= Reinhard Kluth =

German church musician and composer (1950–2020)

Reinhard Theodor Kluth (31 July 1950 – 12 July 2020) was a German church musician and composer.

== Life ==
Born in Dülken, Kluth studied church music at the Robert Schumann Hochschule Düsseldorf. In 1976, he passed his exams, and in 1978 his artistic maturity examination. His teachers were Jürg Baur, Hans-Dieter Möller, Heinz Bernhard Orlinski, Friedemann Gottschick and Alberte Brun. He attended master class in choral and orchestral conducting for historical performance practice with Hermann Max. During his studies Kluth worked part-time as assistant organist at the Basilica of St. Vitus, Mönchengladbach with Viktor Scholz.

From 1978 to 1982, he was cantor at St. Michael, Mönchengladbach. From 1983 to 1985, he was cantor at St. Peter in Düsseldorf, and from 1986 to 1988 cantor at St. Michael, Wermelskirchen. From 1989 to 2001, Kluth was cantor at the church of St. Antonius in the Düsseldorf district of Friedrichstadt. He was a member of the Hermann Schroeder Society. From 2001 to 2013, he was pastoral area cantor of the Düsseldorf Pfarreiengemeinschaft Eller-Lierenfeld.

Kluth lived in Tübingen-Kilchberg from 2013 to 2016 as a freelance composer, church musician and music teacher; he was organist at St. Petrus and Pankratius in Tübingen and, since 2016, deputy cathedral organist in Rottenburg. In Tübingen-Bühl, he directed the choir community Bühl 1878 from 2015 to 2016. From 2016, he was director of the "Kleine Kantorei Tübingen", which he founded. From 1 October 2016 to 31 August 2018, he was collegiate church musician and organist of the Collegiate Church in Horb am Neckar.

Luth died in Tübingen at the age of 69.

== Prizes ==
- 1984: Preis der deutschen Schallplattenkritik
- 1996: Johann Wenzel Stamitz Prize
- 2013: Kompositionsstipendium der Stadt Düsseldorf

== Recordings ==
- Camillo Schumann: 6 Orgelsonaten
- Jürg Baur: Orgelwerke
- Louis James Alfred Lefébure-Wély: Ausgewählte Orgelwerke.
- Johann Krieger: Anmuthige Clavierübung.
- Sigfrid Karg-Elert: Sempre Semplice.
- Sigfrid Karg-Elert: Romantische Träumereien auf der Orgel.
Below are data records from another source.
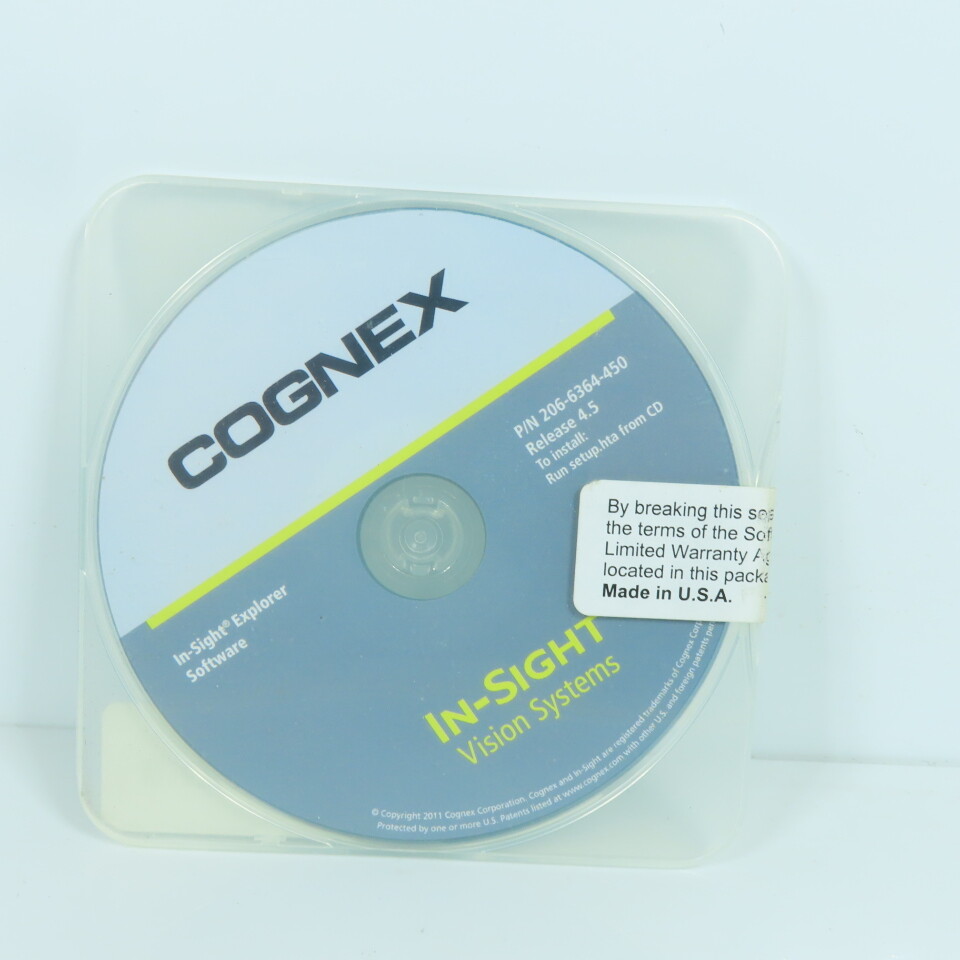 Cognex 206-6364-450 In-Sight Vision Systems Explorer Software (Release 4.5)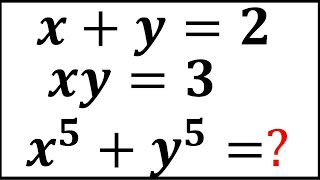 Math Olympiad  A nice Algebra Problem  How to solve for X5  Y5 [upl. by Idur368]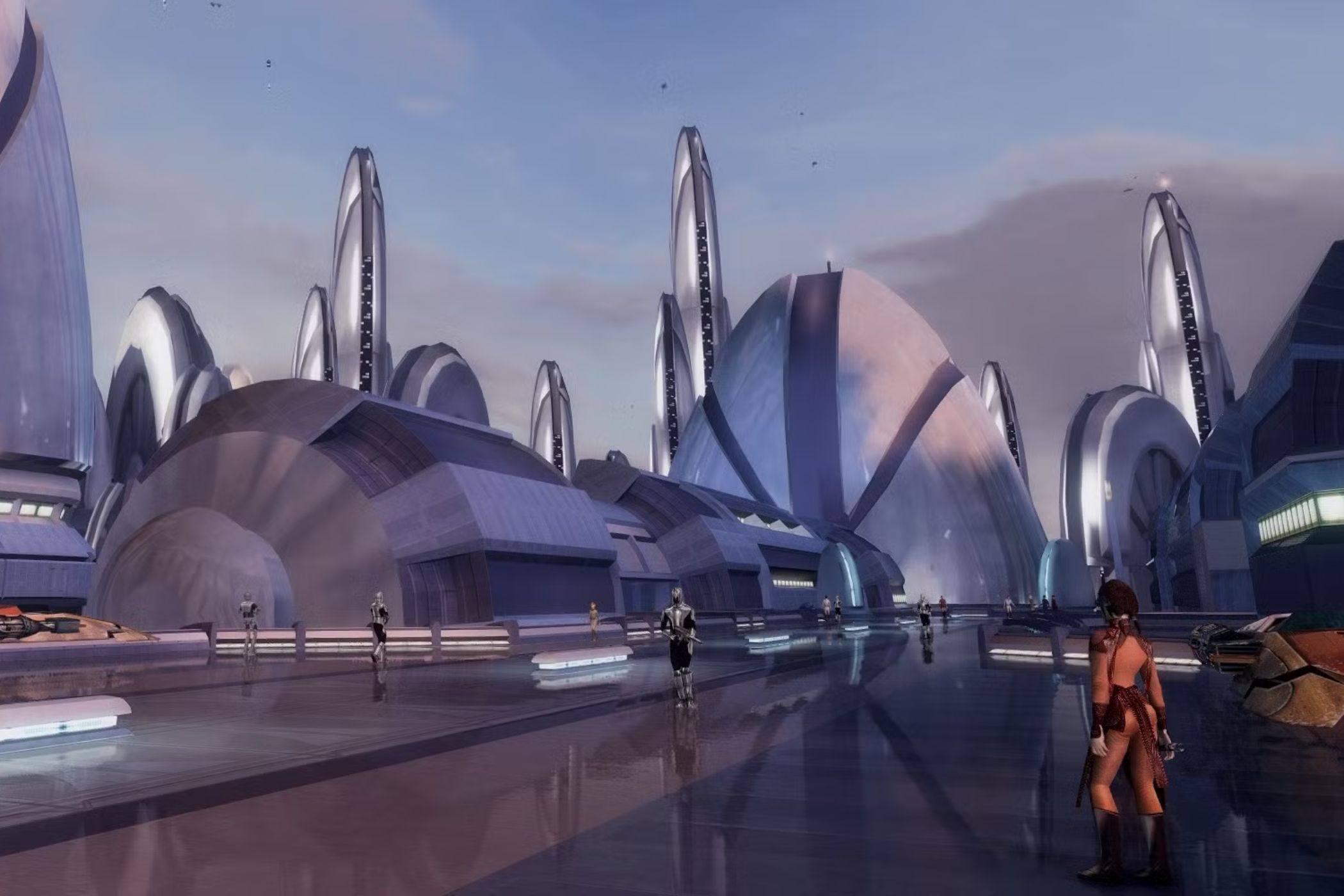 Planet Taris in Star Wars: Knights of the Old Republic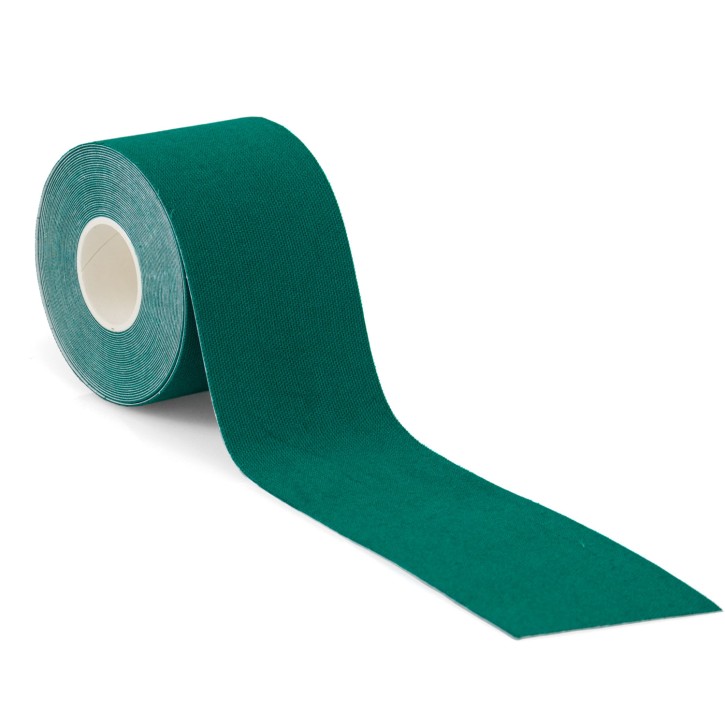 Elastisches Tape | Kinesiologie Tape 5,0 cm x 5 m | grün | MHD erreicht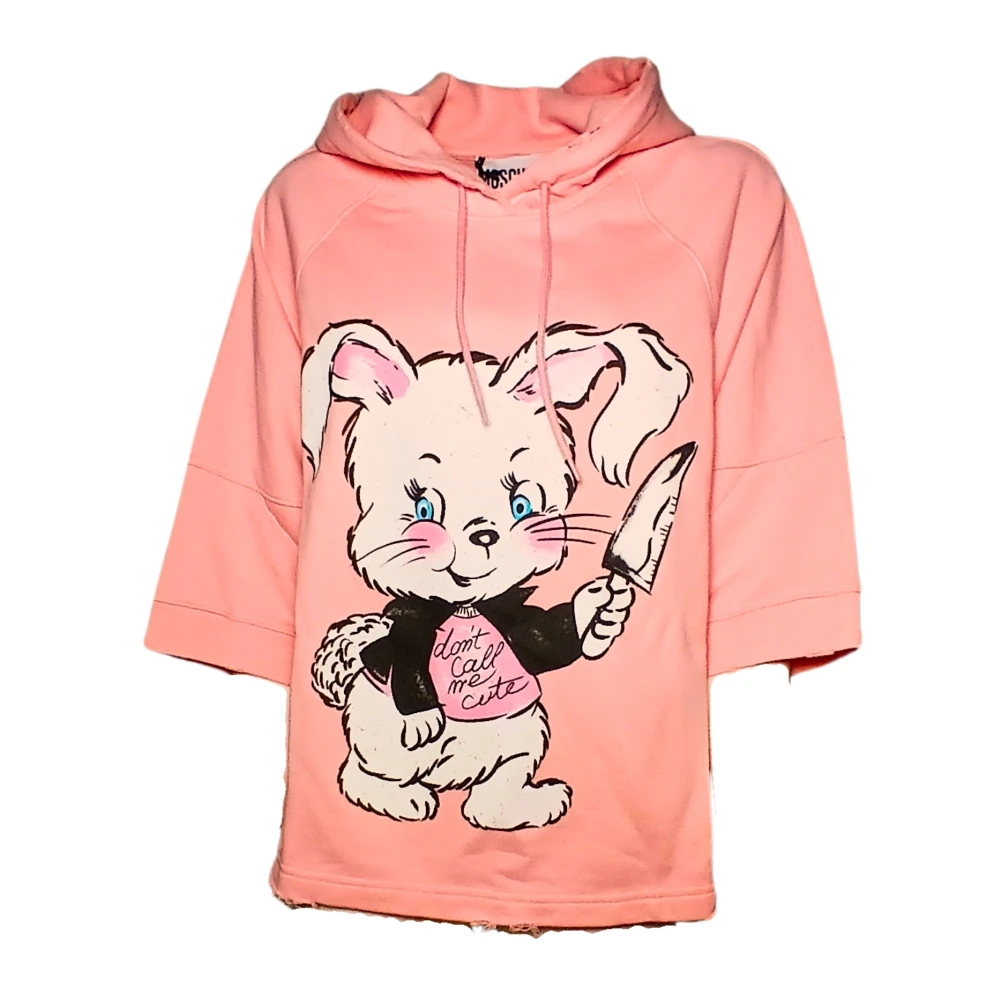 Moschino Stijlvolle Sweatshirts en Hoodies Collectie Pink Dames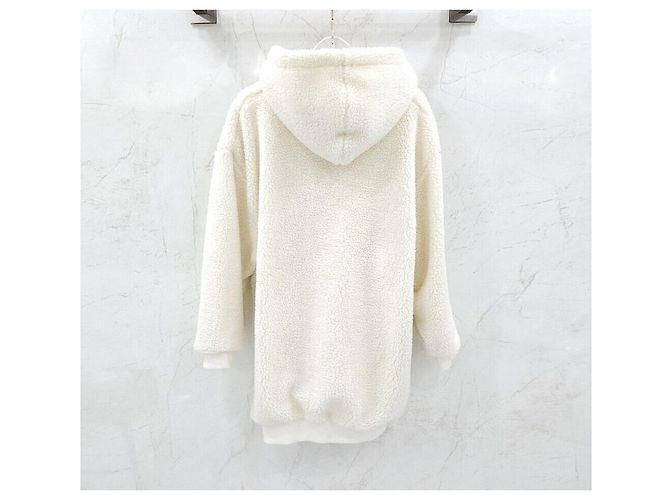 Céline Forro polar de borreguillo con capucha oversize Multicolor - vista 2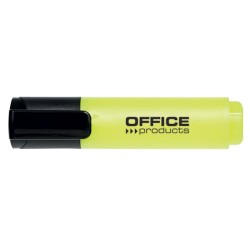 Zakreślacz fluorescencyjny OFFICE PRODUCTS, 2-5mm (linia), żółty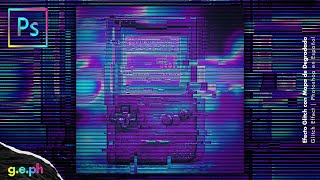 📺 Cómo crear un Colorido EFECTO GLITCH en Photoshop | Tutorial en Español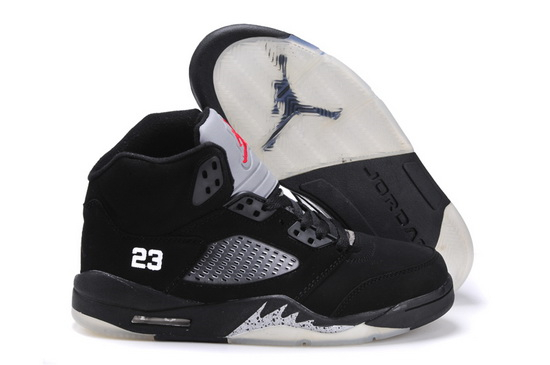 Air Jordan 5 Men Shoes Black White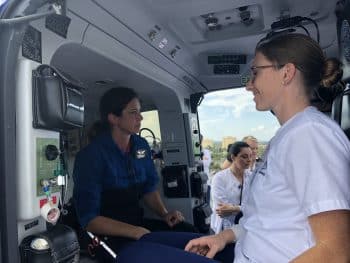 Melbourne Trama Flight Tour D 7 18 - Melbourne Campus Nursing Students Enjoy Tour Of First Flight Helipad - Academics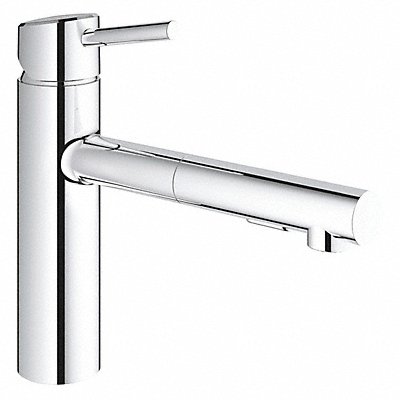 Straight Chrome Grohe Concetto Brass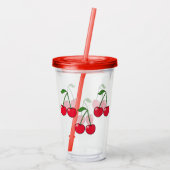 Verre En Acrylique 6 cerezas  (Dos)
Transkriptionen romantischer Komponisten.
- Carl Sattler: Weihnachtliche Orgelromantik.
- Die Weimbs-Orgel der Pfarrkirche St.Peter in Zell/Mosel. Mit Werken von Torner, Bach, Ritter, Becker.
- Die Metzler-Orgel in St. Cyriakus, Krefeld-Hüls. Clemens Ingenhoven: Sämtliche Orgelwerke.
- Die Titz-Gilmann-Orgel der Kreuzherrenkirche zu Brüggen. Mit Werken barocker Komponisten.
- Franz Aumann: Missa in F; Chor- und Orgelwerke von Hiller, Rinck, Weber, Kluth, Kolb, Murschhauser and Jürg Baur; Ausführende: Cappella Cantabo, Parnass-Ensemble Düsseldorf, Ltg. Reinhard Kluth.
- Die Orgel der Barockkirche in Eckenhagen. Works by Händel, Bach, Schneider, Lucchesi, Michael Gotthard Fischer and Ernst Friedrich Richter.
- Samuel Scheidt: Das Orgelwerk. Vol. 1 (Fritzsche-Treutmann Orgel 1622/1728 of the Harbke castle)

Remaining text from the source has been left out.